§ Work request
Everything in the listing should be set down exactly, apart from the pictures.

§ Recorded information
::::::::::

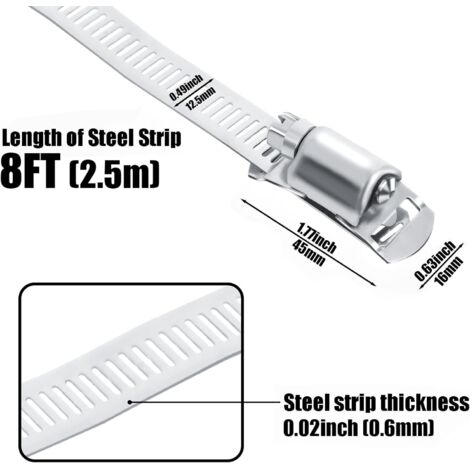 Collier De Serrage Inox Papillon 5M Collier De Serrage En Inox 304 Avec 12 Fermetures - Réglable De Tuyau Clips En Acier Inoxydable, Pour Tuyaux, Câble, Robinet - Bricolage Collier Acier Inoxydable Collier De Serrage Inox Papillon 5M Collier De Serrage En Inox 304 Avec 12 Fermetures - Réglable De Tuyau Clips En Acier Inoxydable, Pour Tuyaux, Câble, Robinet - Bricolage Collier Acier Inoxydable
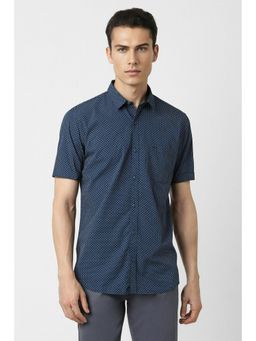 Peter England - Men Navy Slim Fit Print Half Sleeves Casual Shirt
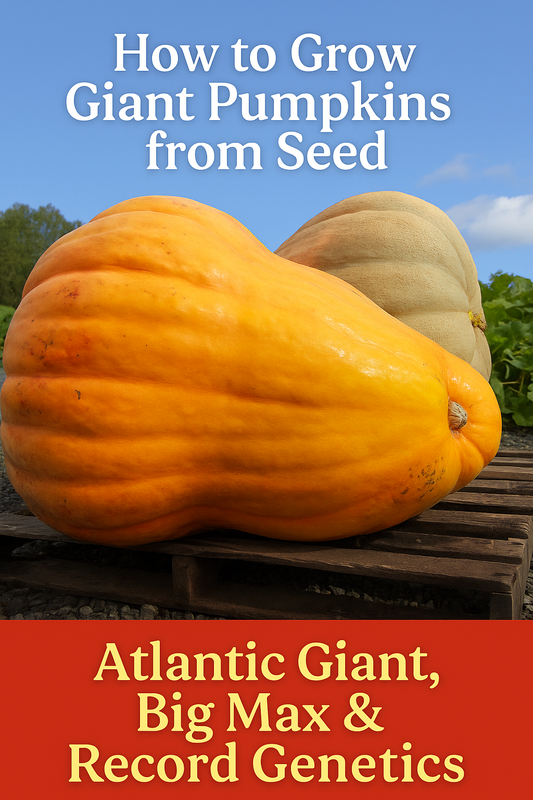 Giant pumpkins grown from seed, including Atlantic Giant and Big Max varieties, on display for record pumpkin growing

::::::::::

§ Completed task
 Collier De Serrage Inox Papillon 5M Collier De Serrage En Inox 304 Avec 12 Fermetures - Réglable De Tuyau Clips En Acier Inoxydable, Pour Tuyaux, Câble, Robinet - Bricolage Collier Acier Inoxydable Collier De Serrage Inox Papillon 5M Collier De Serrage En Inox 304 Avec 12 Fermetures - Réglable De Tuyau Clips En Acier Inoxydable, Pour Tuyaux, Câble, Robinet - Bricolage Collier Acier Inoxydable
 Peter England - Men Navy Slim Fit Print Half Sleeves Casual Shirt
 Giant pumpkins grown from seed, including Atlantic Giant and Big Max varieties, on display for record pumpkin growing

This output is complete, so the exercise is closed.